Come funziona il “completamento del modello ricorrente”
La nascita di un’illusione ottica, spiegano gli scienziati in un articolo pubblicato su “Nature Neuroscience” in cui vengono descritti i risultati del lavoro, è il risultato di un percorso definito “completamento del modello ricorrente”. Questo circuito neurale viene innescato dalle aree visive inferiori (rappresentate nello schema dai triangoli viola), che ricevono stimoli visivi dall’ambiente e inviano quindi i segnali alle aree visive superiori del cervello (triangolo rosso).

Queste interpretano i dati e rimandano a loro volta i segnali nella corteccia visiva primaria, esattamente ai neuroni codificatori IC (triangolo verde), ovvero il gruppo speciale di cellule scoperte dal team di ricercatori. Sono proprio queste particolari cellule a innescare il completamento del modello di attività cerebrale delle immagini visive attraverso i neuroni di rilevamento visivo originali, dicendo al cervello di vedere cose che non ci sono davvero. “Poiché i neuroni IC-encoder hanno questa capacità unica di guidare il completamento del modello – spiega Hyeyoung Shin, uno degli autori della ricerca – pensiamo che possano avere una connettività specializzata che consente loro di ricreare questo modello in modo molto efficace”. È insomma da qui che deriva la percezione dell’illusione.

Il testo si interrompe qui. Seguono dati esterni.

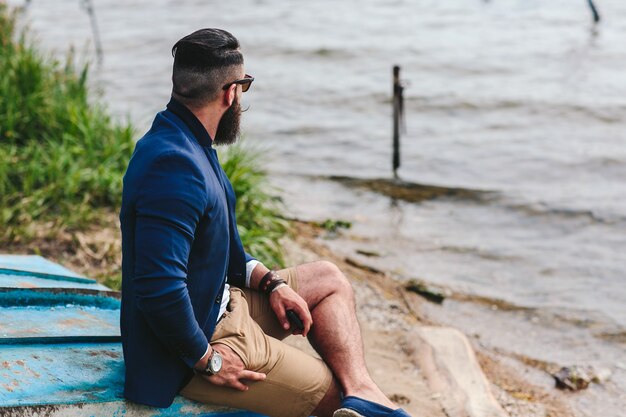 Hombre barbudo americano mira a la orilla del río con una chaqueta azul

Alla ricerca della miglior conoscenza del cervello
Con 86 miliardi di neuroni, ognuno dei quali interagisce con l’altro attraverso 10 mila sinapsi per neurone, il cervello presenta una struttura e un’organizzazione estremamente complicata. La grande sfida che si presenta ai ricercatori che se ne occupano è quella di provare a leggere e codificare queste interazioni. A tal fine, nel lavoro di cui sono stati appena pubblicati i risultati sono stati osservati i modelli di attività elettrica cerebrale dei topi quando venivano mostrate loro immagini illusorie. In un secondo momento, sparando fasci di luce laser su questo particolare tipo di neuroni specializzati, per stimolarli, si è notato che, anche in assenza di illusioni ottiche, si è innescato comunque lo stesso modello di attività cerebrale.

Da qui si è giunti alla conclusione che non è corretta l’idea che ritiene la visione e la percezione come attività completamente passive, basate cioè soltanto su un percorso di ricezione e di assorbimento delle informazioni dal mondo che ci circonda. Al contrario, la nostra percezione della realtà è frutto di un percorso attivo, che comprende anche un’attività di interpretazione e costruzione sulla base di complessi calcoli cerebrali, che influenzano ciò che effettivamente vediamo, lasciando molto più spazio alla manipolazione, sia pur involontaria, delle immagini.
Le possibili applicazioni pratiche della scoperta
Facendo luce su come il sistema visivo e la percezione funzionano nel cervello, questi risultati, sottolineano i ricercatori, hanno implicazioni per le malattie in cui questo sistema non funziona correttamente, visto che potrebbero offrire informazioni utili su alcuni disturbi neuropsichiatrici. “In alcune malattie – spiega Jerome Lecoq, ricercatore associato presso l’Allen Institute – emergono nel cervello modelli di attività anormali. E, nella schizofrenia, questi sono correlati a rappresentazioni di oggetti che compaiono casualmente”. “Se non capiamo come si formano quegli oggetti – prosegue Lecoq – e come un insieme collettivo di cellule lavora insieme per far emergere quelle rappresentazioni, non è possibile trattare il disturbo. Ecco perché è utile capire quali cellule siano coinvolte e in quale strato si verifica questa attività”.